Cedar Elementary students blessed totem poles and ate bannock during a school-wide ceremony on National Indigenous Peoples Day.
Cedar students sat cross-legged on the school’s gym floor and sang a prayer song as other children brushed the totem poles with cedar and water under the watchful eye of witnesses and elders Thursday morning.
Each class had designed and coloured one of the 15 totem poles with animals students felt best represented them.
It’s all part of Cedar Elementary’s work around reconciliation, which has included projects on residential schools, talks about the importance of culture and of animals in local indigenous culture, according to school principal Shona Sneddon.
“We did a lot of work on Coast Salish and looking at totem poles and so we decided that we would create a village of totem poles just like we are a village in our school,” said Sneddon.

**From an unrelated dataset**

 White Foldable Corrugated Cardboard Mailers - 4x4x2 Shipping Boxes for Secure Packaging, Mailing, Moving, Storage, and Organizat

The significance of students doing the project, she said, is that Cedar has an indigenous population, but it was also to show students, especially those who learned about residential schools, that at one point children who were taken to residential schools couldn’t have done this type of project in schools.
“It became really important for all of our students to know that it’s important to be able to share your culture and to learn about the culture of the people that were here,” Sneddon said. “It’s all about learning in place so what we have here in our neighbourhood and here in our indigenous culture, to be able to share it and the kids, they just really took off with it.”
Jerry Brown, elder and Hul’qumi’num teacher, said it was amazing and heartwarming that the school chose the totem pole as a project.
“When they chose the totem pole, when they did the blessing to appease the ground, the air, the water, they’re asking for the sprit of the tree, the trees or the poles, to come here too,” Brown said. “They asked for protection, asked for help, asked for all the special blessings the animals bring.”
Lorelai Fredrich, 10, who did a project on residential schools, said it’s important for people to learn about the culture of First Nations people, and how in residential schools, “people would always erase, or try to erase, culture and the animals and the history.
“I think it should be good for people to try and bring it back so it’s not lost forever,” said Fredrich.
Arwen Smith, 12, said it was important to celebrate the totems on National Indigenous Peoples Day because it shows respect toward aboriginal culture.
The totems will become a backdrop, seen every time the curtains open for a performance on the school stage.